Levels of glycogen in equivalents of glucose (A) and UDP-Glc (B) were measured in single muscle fibers, which were divided into the fiber type categories described in the legend to Fig. 1. Mean values ± S.E. (where n = number of fibers) are presented. The significance of differences between insulin and control values were evaluated by a two-tailed heteroscedastic t test (36). *, not significantly different; **, p <0.01; ***, p <0.001.

Fig. 3. Transgenic overexpression of UDP-Glc PPL

Tibialis anterior (TA), EDL, gastrocnemius (Gastroc.), and soleus muscles were dissected from two lines of mice, PPL-1 and PPL-2, expressing the UDP-Glc PPL transgene and from wild type littermates. UDP-Glc PPL activity was measured in extracts of these muscles and expressed relative to extract protein.

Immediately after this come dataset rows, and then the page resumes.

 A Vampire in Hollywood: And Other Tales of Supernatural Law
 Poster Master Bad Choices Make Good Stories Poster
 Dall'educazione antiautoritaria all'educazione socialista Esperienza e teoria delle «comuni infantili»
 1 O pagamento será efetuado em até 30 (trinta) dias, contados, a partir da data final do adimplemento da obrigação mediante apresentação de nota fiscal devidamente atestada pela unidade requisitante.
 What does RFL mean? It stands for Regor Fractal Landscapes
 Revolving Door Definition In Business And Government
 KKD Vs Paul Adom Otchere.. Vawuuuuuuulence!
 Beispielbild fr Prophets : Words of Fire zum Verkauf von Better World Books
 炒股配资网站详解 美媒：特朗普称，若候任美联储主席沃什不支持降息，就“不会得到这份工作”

Fig. 4. Relative levels of UDP-Glc PPL achieved by transgenic overexpression in different skeletal muscles

Quadricep, EDL, and diaphragm muscles were dissected from two PPL-1 mice and from two nontransgenic littermates. Samples of extracts were subjected to SDS-PAGE and immunoblotted with antibodies to UDP-Glc PPL.

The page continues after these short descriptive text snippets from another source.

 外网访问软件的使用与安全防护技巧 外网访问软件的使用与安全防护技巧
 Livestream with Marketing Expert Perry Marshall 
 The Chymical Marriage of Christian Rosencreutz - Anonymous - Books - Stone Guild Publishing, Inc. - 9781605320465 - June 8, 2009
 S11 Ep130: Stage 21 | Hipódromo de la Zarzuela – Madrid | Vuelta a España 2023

Fig. 5. Effects of transgenic overexpression of UDP-Glc PPL on the UDP-Glc and glycogen contents in skeletal muscle

Glycogen and UDP-Glc were measured in samples of quadricep muscles from PPL-1 mice and nontransgenic littermates. The results are expressed relative to wet weight of the tissues and are the mean values ± S.E. of measurements obtained from muscles of three wild type mice and four transgenic mice.

Fig. 6. Glucose tolerance is unaffected by transgenic overexpression of UDP-Glc PPL

PPL-1 mice (•) and nontransgenic littermates (○) were fasted overnight. A, blood glucose was measured at increasing times after injecting glucose (1 mg/g of body weight) intraperitoneally. Mean values ± S.E. from 27 wild type mice and 33 trans-genic mice are presented. B, blood glucose was measured at increasing times after injecting glucose (0.5 mg/g of body weight) intravenously. Mean values ± S.E. from 28 wild type and 34 transgenic mice are presented.

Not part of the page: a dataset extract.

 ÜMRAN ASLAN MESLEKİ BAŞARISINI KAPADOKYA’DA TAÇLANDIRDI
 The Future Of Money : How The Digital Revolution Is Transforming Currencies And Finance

Fig. 7. Failure of UDP-Glc PPL overexpression to increase [U-¹⁴C]glucose incorporation into glycogen in vitro

Muscles from PPL-1 mice and nontransgenic littermates were incubated for 30 min at 37 °C without or with either 100 microunits/ml insulin (A) or 250 milliunits/ml insulin (B and C) in Krebs-Ringer bicarbonate buffer containing 5 mM [U-¹⁴C]glucose (500 cpm/nmol). [U-¹⁴C]Glucose incorporation into glycogen was determined and expressed relative to the wet weight of the tissues. Mean values ± S.E. from eight wild type and eight transgenic EDL muscles (A), four wild type and four transgenic EDL muscles (B), and three wild type and three transgenic hemidiaphragms (C) are presented.